Jenny Holzer
Inflammatory Essays
Inflammatory Essays
1979 - 1982
Convinced that art resides in the concepts it sets out to communicate and not the form of the artistic object, Jenny Holzer has turned language into her creative material. Her first incursions into this field were her famous Truisms. Under this name, in 1977 Holzer began to hang posters in the streets of SoHo and other parts of Manhattan with incisive messages on social contradictions, sexuality, violence and the abusive logic of power. Arranged in alphabetic order and in black capital letters on a white background, she uses them ‘to keep people awake’ , as the artist explains in an interview.

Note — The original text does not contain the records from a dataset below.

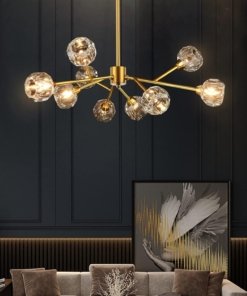 Candil Sputnik de latón y cristal para comedor, 9 luces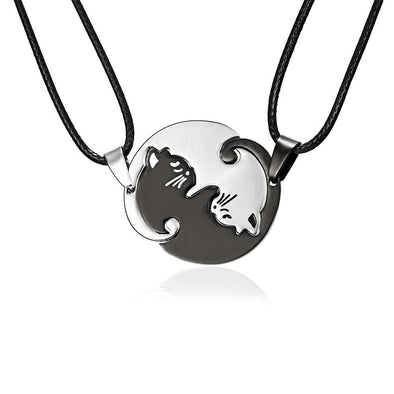 Yin Yang Titanium Kitty Best Couple Necklace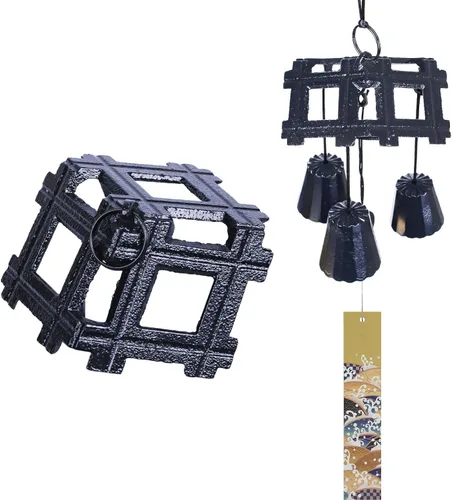 Vista 11 de Carillón de viento japonés de hierro fundido para exteriores, adorno para jardín, patio y balcón, decoración de campana de viento de metal colgante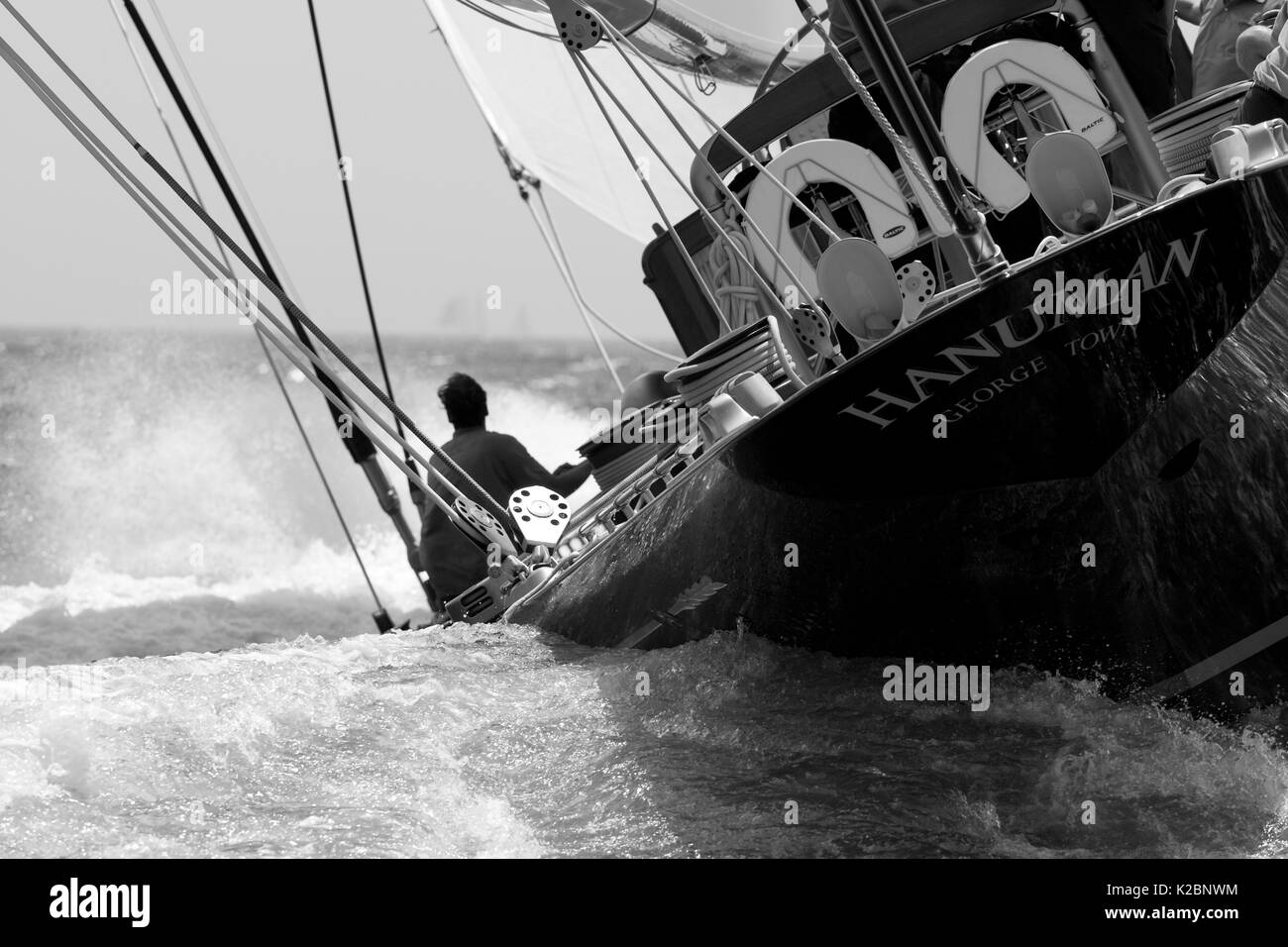 Hanuman Yacht Krängung des Schiffes während Schaufel race Newport, Rhode Island, USA, Juli 2009. Stockfoto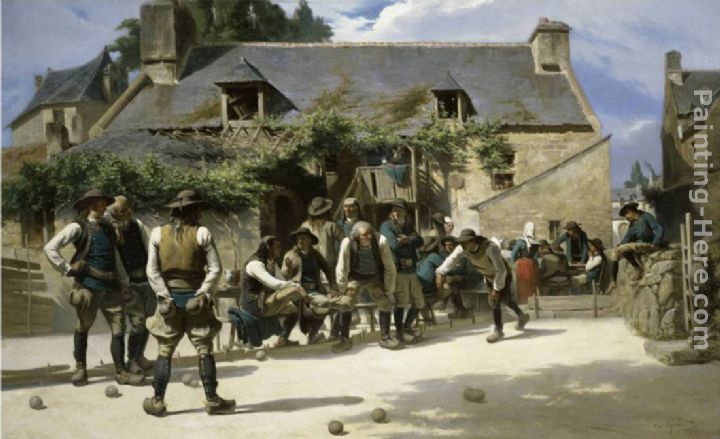 Le Jeu Des Boules painting - Charles Giraud Le Jeu Des Boules art painting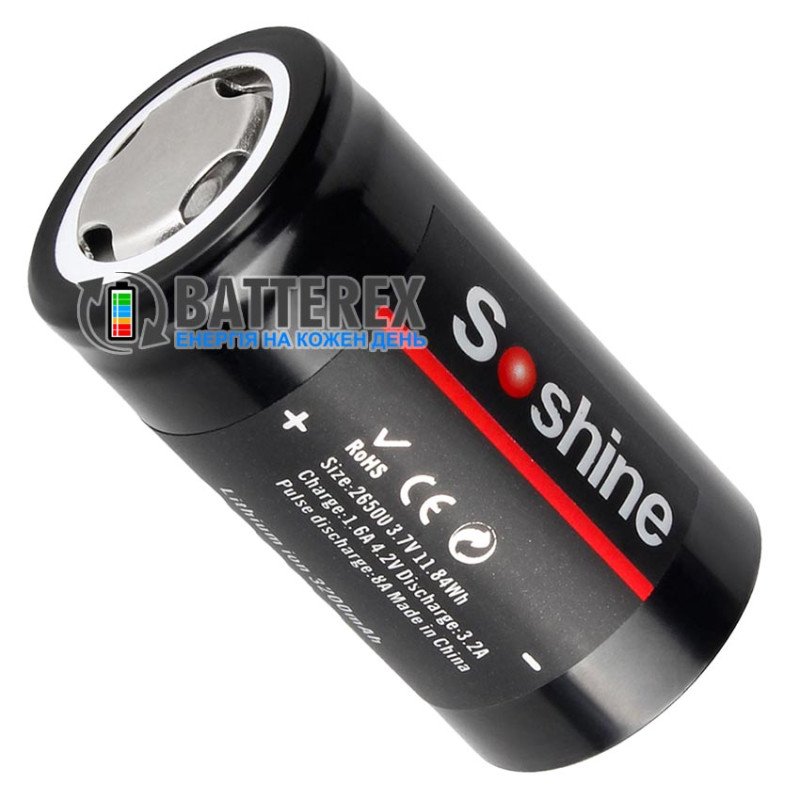 Аккумулятор Li-ion 26500 Soshine 3200mah 3.7V 6.4A без защиты
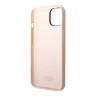 Чехол Lagerfeld Liquid silicone Choupette body Hard для iPhone 14, розовый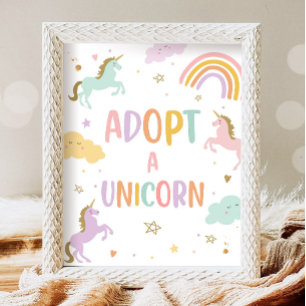 Adoptier einer Geburtstagsparty von Unicorn Pastel Poster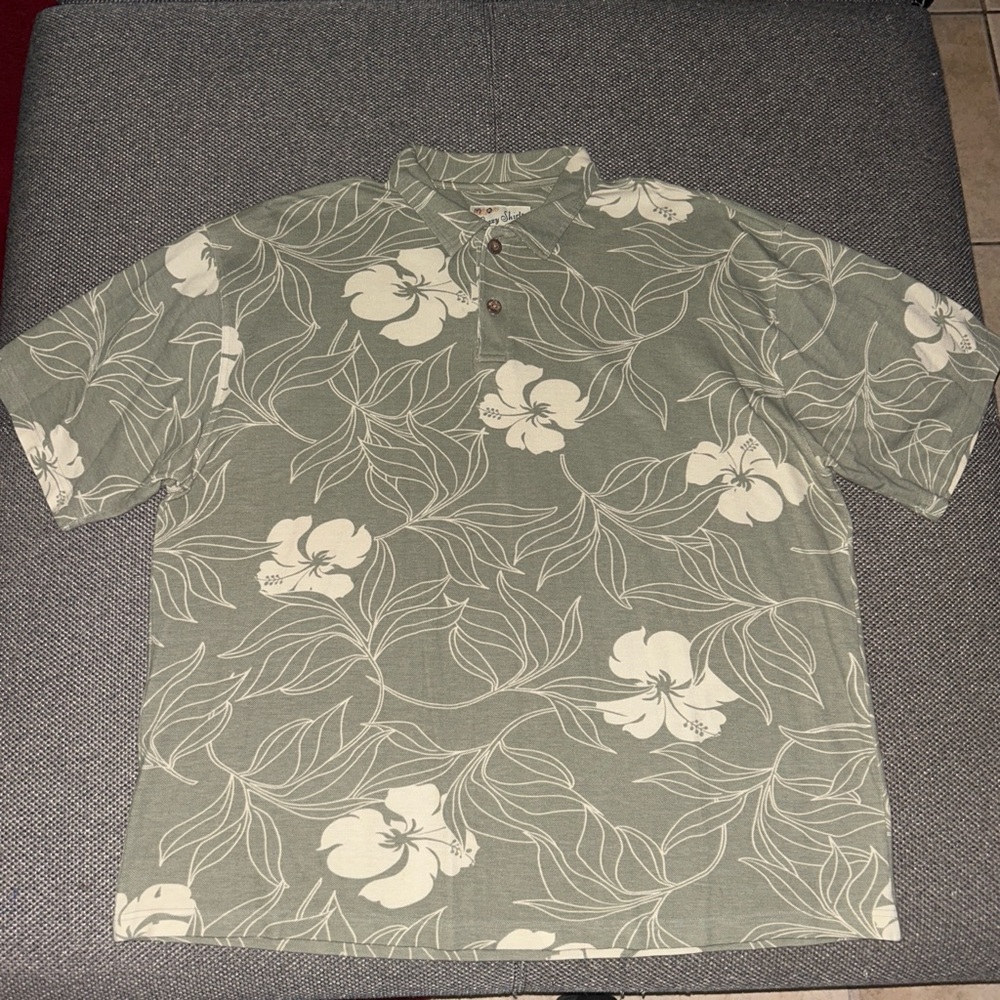 Crazy Shirts Men's Green Floral Hawaiian Polo Shirt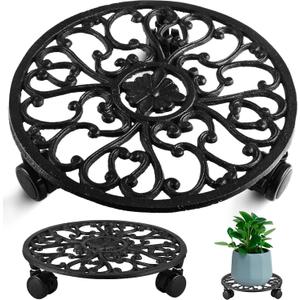 11 Inch Rolling Plant Stand with Wheels Wrought Iron Rolling Plant Stand with Casters Heavy Duty for Indoor Plants Rollers Base Metal Round Plant Dolly withWheels 1 Pack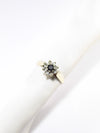British Vintage Sapphire & Diamond Ring , 9ct Solid Yellow Gold ( UK N - US 6. 3/4 - 14mm )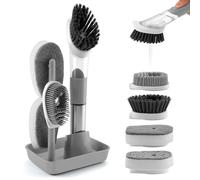 Zosenyer Spazzola per Piatti con Dispenser e Manico, Set Pulizia Casa con 4 Testine e Base, Spazzola Lavastoviglie Manuale per Pentole, Padelle, Lavandino e Superfici (Grigio)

Over the years Holzer developed longer texts, such as the Inflammatory Essays (1979–82), a series of texts of one hundred words each, written in a more caustic and aggressive language than the earlier work. Printed on coloured paper, they create a very visual discursive mosaic. As the title suggests, they are ‘inflammatory essays’ on intolerance, violence, rampant consumerism, the relations between the sexes and the abusive use of power. The artist uses texts by political thinkers in the communist and anarchist tradition (Lenin, Leon Trotsky, Rosa Luxemburg, Mao Zedong, Karl Marx, Friedrich Engels and Emma Goldman), but also texts by religious and liberal thinkers, or from popular literature. Besides their message, Holzer’s works are deeply poetic and have great powers of suggestion.
The first Inflammatory Essays were published in 1979 in a book entitled Black Book Posters. The texts were printed on green paper. Later Holzer edited the Inflammatory Essays in a poster format and hung them in the streets of Manhattan, selecting each location according to the nature of each specific message. Every week she hung new posters, printed in different colours each time, so passers-by would know they had been changed. These were signed posters covering the entire length of a wall in the manner of wallpaper and denouncing all forms of abuse (‘The most exquisite pleasure is domination. Nothing can compare with the feeling’), whether social (‘People must pay for what they hold, for what they steal. You have lived off the fat of the land. Now you are the pig who is ready for slaughter’), or psychological (‘Fear is the most elegant weapon. Your hands are never messy’). With her battery of meanings and forceful yet suggestive tone, Holzer’s flaming essays configure a cartography of meanings on contemporary contradictions. ‘Change is the basis of all history. The proof of vigor. […] “Nothing essential changes.” That is a myth. It will be refuted.’